After the briefing I had to spend some time with the Police (because I had found some stolen property) so Juliet and Carl again organised two teams who carried on in the same areas as on Saturday. The chickens were rampant in the geophys paddock and kept getting in the way of the cable from the resistivity machine.


When I came across to see how things were going, I discovered that Carl had given them all names (like KFC) and announced that he was having chicken for dinner tonight. It didn't deter them though.


Juliet and I decided to explore the stream further upstream from the dig site and were very surprised to find copious quantities of pottery along the stream bed. As yet we don't know how old some of the pieces are but many were definitely Romano-British (coarseware and fineware) so I took them back and washed them, after which Carolyn did the necessary finds recording and bagging.

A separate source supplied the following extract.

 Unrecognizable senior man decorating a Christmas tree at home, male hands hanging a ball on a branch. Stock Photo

I had not realised that Carl was taking surreptitious photos of me talking to two of our new members at lunchtime.


Over in the test pit field, the diggers pressed on despite ridiculously hard clay until by late afternoon they had reached a depth of about 80cm. They were working under four of our pop-up gazebos to keep the occasional drizzle off. I'm pleased to say that I think all of our new members who were digging managed to find some interesting artefacts.

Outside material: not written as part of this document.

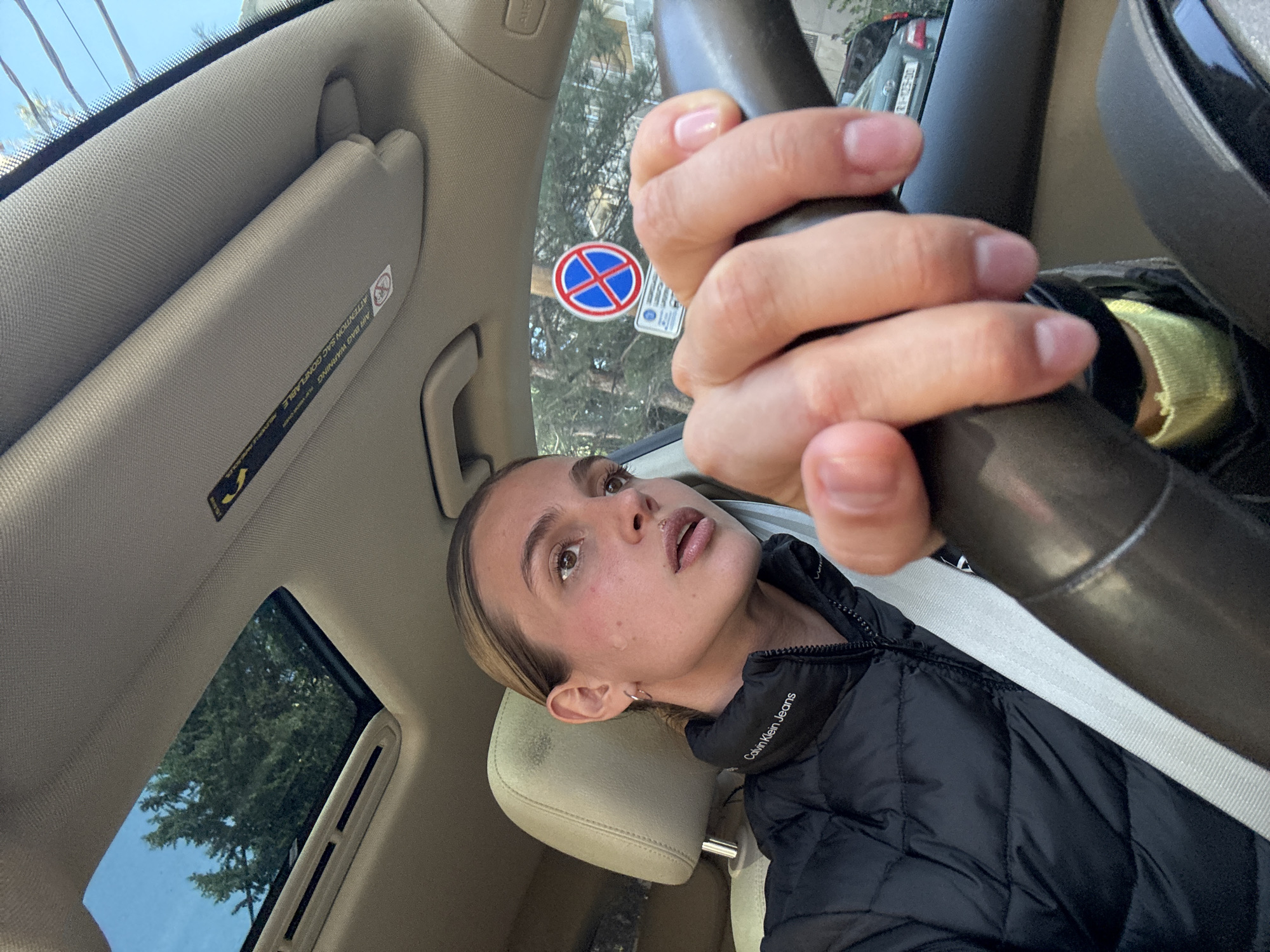 Woman drives car in Tbilisi wearing Calvin Klein jacket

In the late afternoon I put the drone up, partly as a demo and partly to see if there were any cropmarks. I could still clearly see cropmarks where we think a trackway ran from the villa's gateway across the fields and through the school playing field towards Stroudbridge. This is a drone view of our dig area today.


What I find quite striking in the field, and you can see it in the above photo, is the spider's web of huge cracks in the soil caused by the dry weather. Some of the cracks are 30cm or more deep. That said, it is amazing how quickly the grass turns green after a few rain showers.

Those digging the test pits did a sondage in each to see whether there was any significant archaeology below the 80cm level and then Juliet made the decision to fill in the test pits and start a third, close to the hedge in the image above, where we had found lots of CBM last year before running out of time.

To round off the weekend, Carl sent me his geophys plots this evening. First, this is the resistivity plot from the paddock where we have done 5 grid squares, each 20m x 20m:


Carl comments that it is unusually blotchy and thinks that the heavy rain is sitting in pockets in the top 10cm or so of the soil. That said, I think I can see the linear feature I have been looking for running horizontally across the top of the bottom-right grid square. As for magnetometry, this is the plot from the single 20m square we did at the end of the afternoon in the dig field, over an area of higher ground:


What I think it shows is a couple of off-the-scale readings (green blobs) where last year we dug through Romano-British archaeology only to find a manhole cover a couple of feet underneath. I think the sewage pipe that Southern Water has been trying to find, which we discovered for the last year when doing resistivity, runs almost horizontally through the centre of the image.